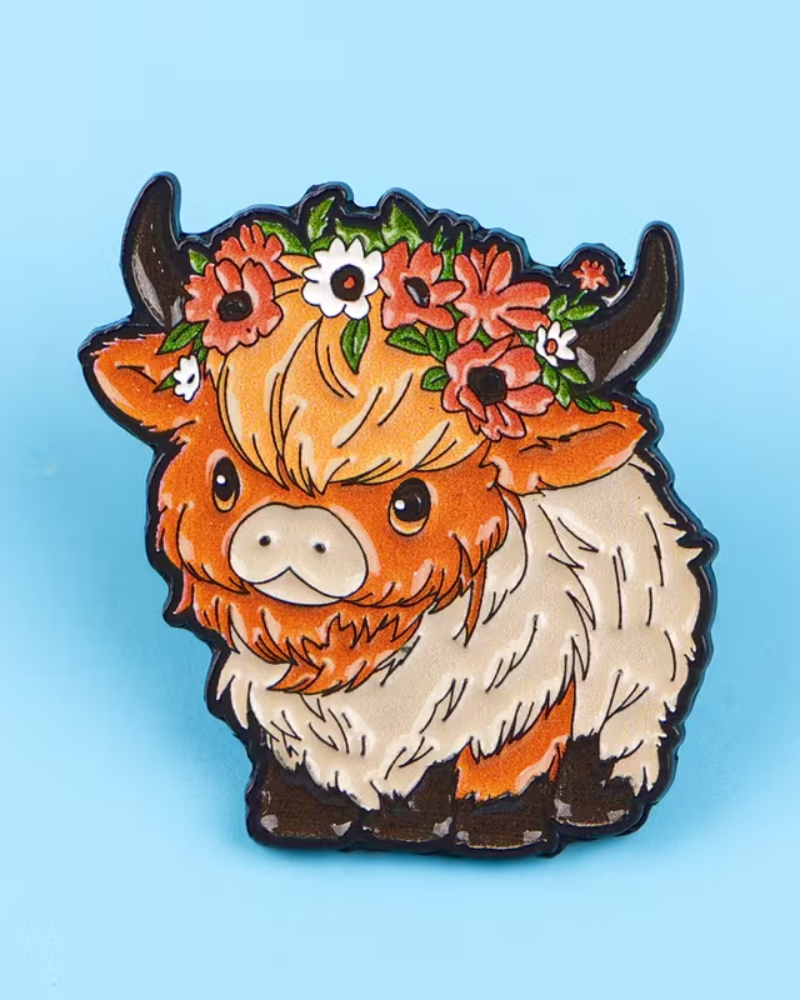 Floral Highland Cow Enamel Pin Badge
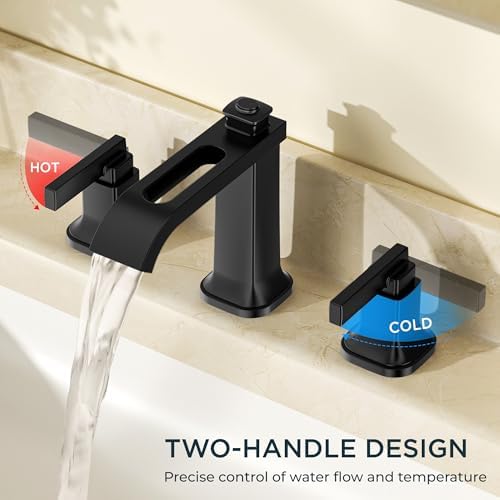 FORIOUS Bathroom Faucet 3 Hole Widespread Sink Faucets Matte Black - Image 6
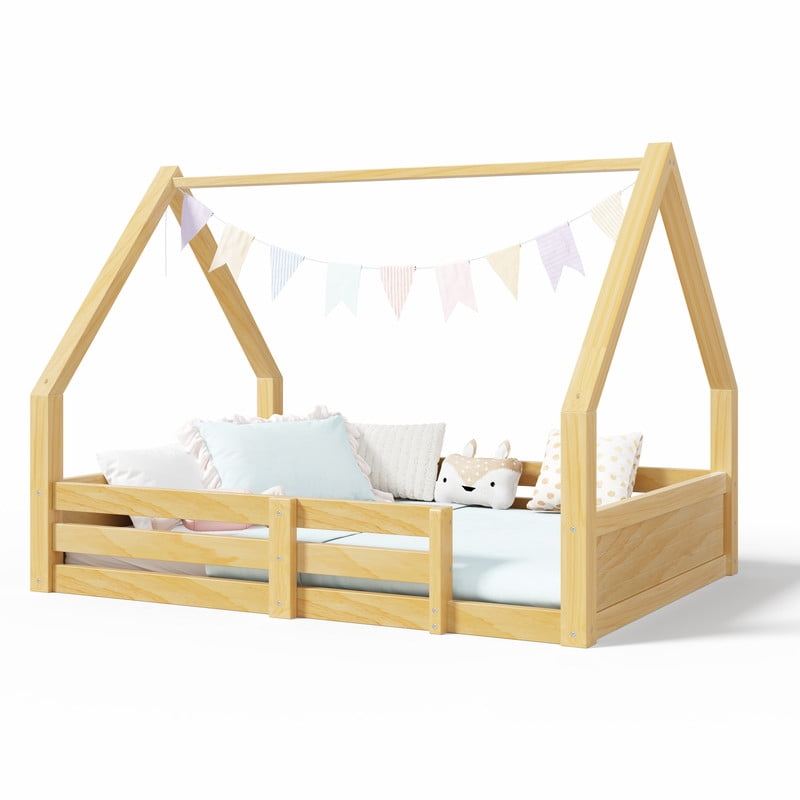 Euroco Wood Full Size Platform Bed, Low Profile House Floor Bed with Guardrails, White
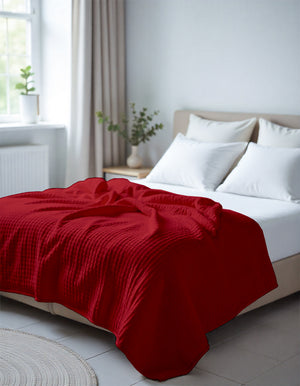 Havenweave Microfiber 1 Piece Waffle Coverlet - Candy Red-Bed Layers-Shreem Linen-Slumber Sphere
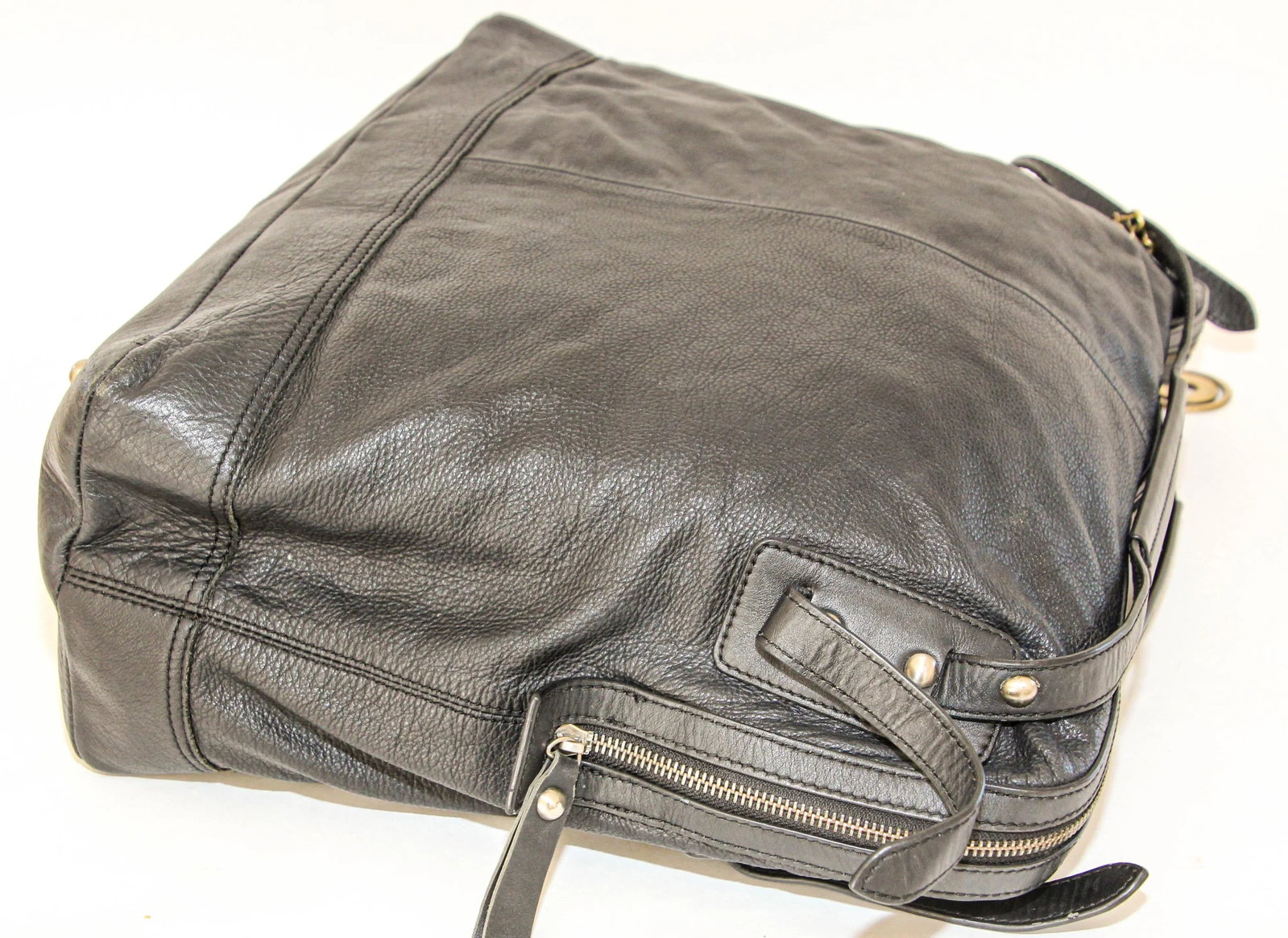 Charles Jourdan Black Leather Satchel Handle Computer Bag - 11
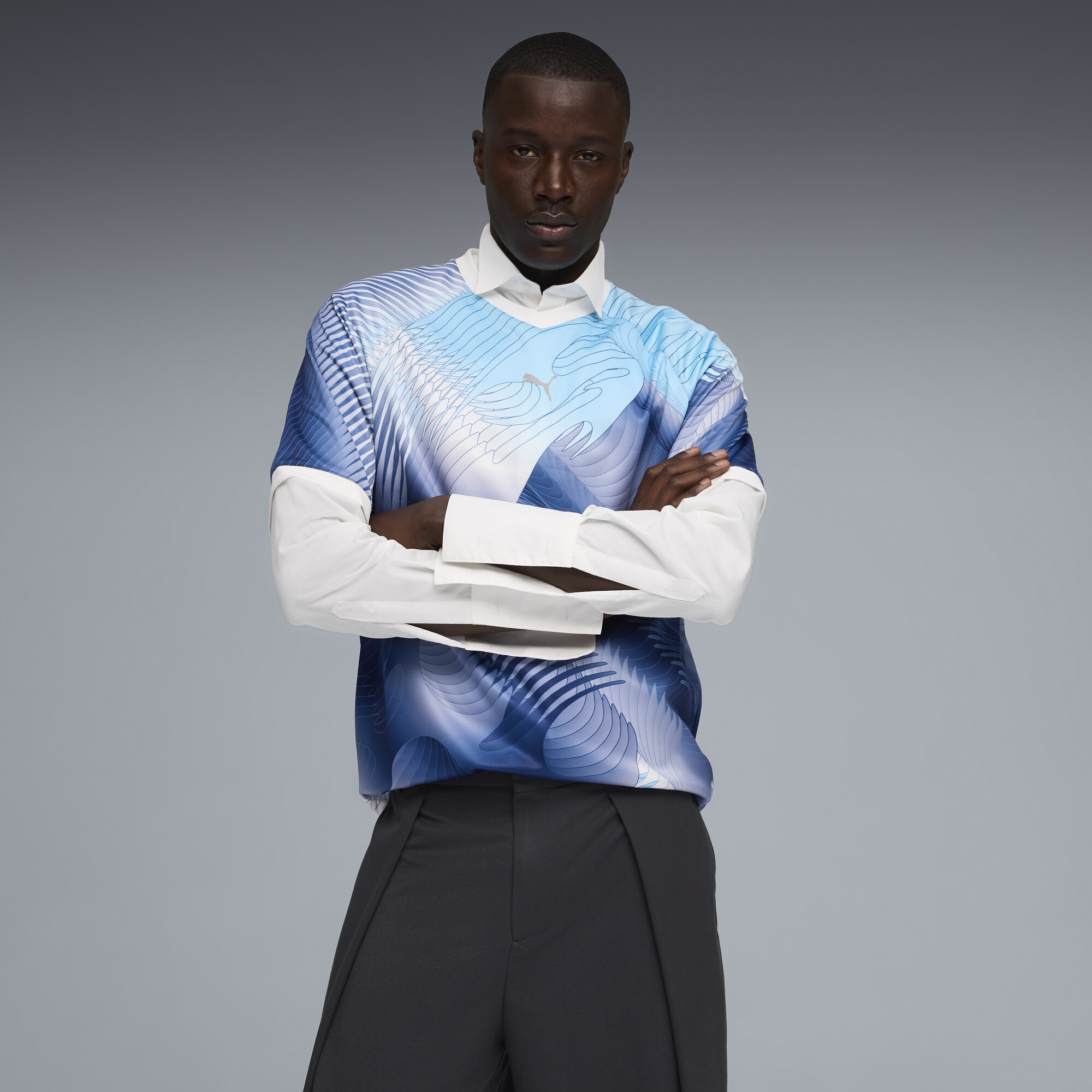 Puma Men's Tech-X Relaxed Short Sleeve Jersey in Blue - Size Large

++++++++++++++++++++

WHAT IS BEING ASKED:
Set down again, exactly, the lines from the one with "Havenweave Microfiber 1" to the last line of the data, both included and pictures excluded.

TASK ANSWER:
 Havenweave Microfiber 1 Piece Waffle Coverlet - Candy Red-Bed Layers-Shreem Linen-Slumber Sphere
 Charles Jourdan Black Leather Satchel Handle Computer Bag - 11
 Puma Men's Tech-X Relaxed Short Sleeve Jersey in Blue - Size Large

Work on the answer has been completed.